No era la primera vez que se interesaban en el tema. Si hubo un asunto que aglutinó a estos poetas, y sobre el cual arriesgaron sus ideas más interesantes, fue la posibilidad de trascenderse a sí mismos a través de la pasión amorosa. Sabiendo que la imaginación permitía ir más allá, traspasar los límites de lo existente gracias al vigor del deseo, se empeñaron en fundirse con lo soñado y buscar la gloria de esos amores ejemplares.
Porque el amor admirable es el que recubre a una persona con cualidades fantásticas que la convierten en un ser único, cuasidivino, mitológico, que se ajusta a los caprichos porque ha sido inventado por ellos, a su medida, buscando el perfecto encaje. Nada más ajeno al amor admirable que el amor libre, el libertinaje o el desfogue prostibulario. Como requisito ineludible, este deslumbramiento imaginativo impone la elección de una persona, una sola. O más que una elección, supone un hallazgo, el encuentro casual que se hace necesario por inesperado y maravilloso. En cuanto a la vida sórdida, es la que se vive a ras de suelo, asfixiada por las rutinas productivas y las convenciones externas, calculada de principio a fin por la razón, sin misterio ni azares sorprendentes.
Los surrealistas promovieron y ensalzaron este tipo de amor —Breton finalmente lo llamó amor loco—, pero pocas claves dieron para protegerlo de la vida sórdida, con todos sus imposiciones y señalamientos.
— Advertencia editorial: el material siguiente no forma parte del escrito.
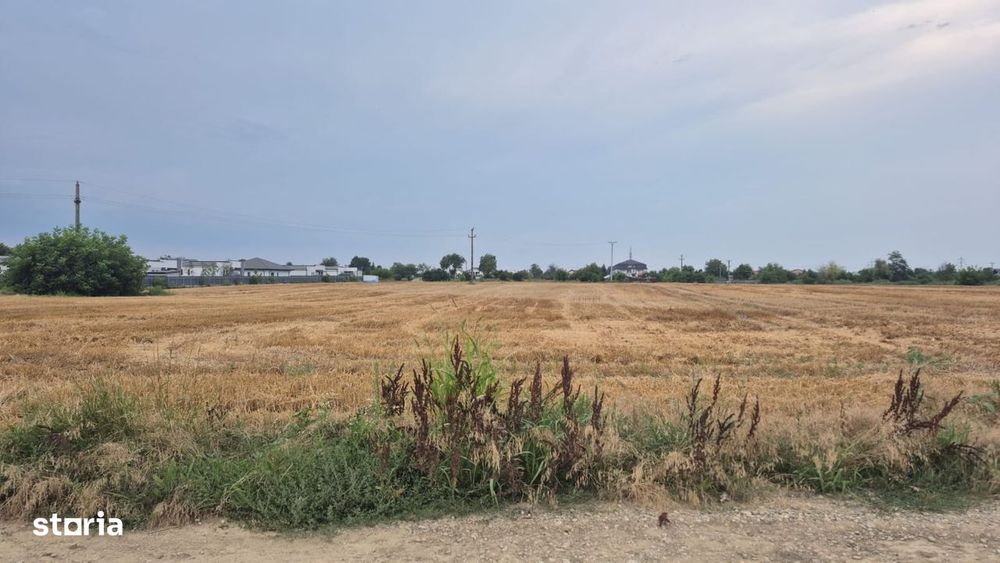 Teren intravilan 730 mp, Cartier Serbanesti, Bacau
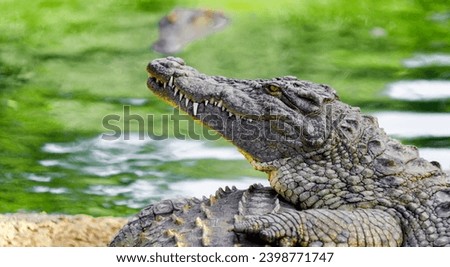 Head of the Nile crocodile in profile close-up.  Crocodile is an ancient predatory reptile lying on the shore against the background of the water surface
Roberto Arlt pareció darse cuenta de esta grieta y a través de ella escribió El amor brujo, una novela en la que ponía a prueba el amor loco enfrentándolo con las miserias de la vida cotidiana. Balder, el protagonista, soñaba con dejar de ser lo que era; quería convulsionar su vida, abolir la monotonía que empequeñecía su existencia. Algo extraordinario tenía que ocurrirle y finalmente le sucede. Embrujado por una jovencita de 16 años, renuncia a su esposa y a su hijo e inicia una vida nueva. Abandona su casa, rompe con todo, y lo hace sólo para descubrir que bastan unos meses y las minucias de la rutina diaria para que el amor admirable termine corroído por la vida sórdida. La mayor transgresión plegándose a la norma, la vida nueva convertida en réplica de la antigua vida.
Bendecidos por la posibilidad de fantasear vidas apasionantes, por un lado, pero incapaces de corresponder a nuestras propias exigencias, por el otro, podemos acabar como el pobre Balder, degradando lo que más nos ennoblece: esos amores admirables, proyección de nuestros anhelos más nobles y profundos. Si se pudiera vivir en la irrealidad constante, en esos nichos fugaces creados por la fantasía, no habría problema. Pero pocos tienen esa dicha. En la vida cotidiana, esa que se compone de las más prosaicas necesidades y demandas, el amor ejemplar y la vida sórdida se enfrentan invariablemente. Es una batalla diaria. Nuestras expectativas vitales desenfundan sus espadas para combatir la insignificancia de nuestras realidades.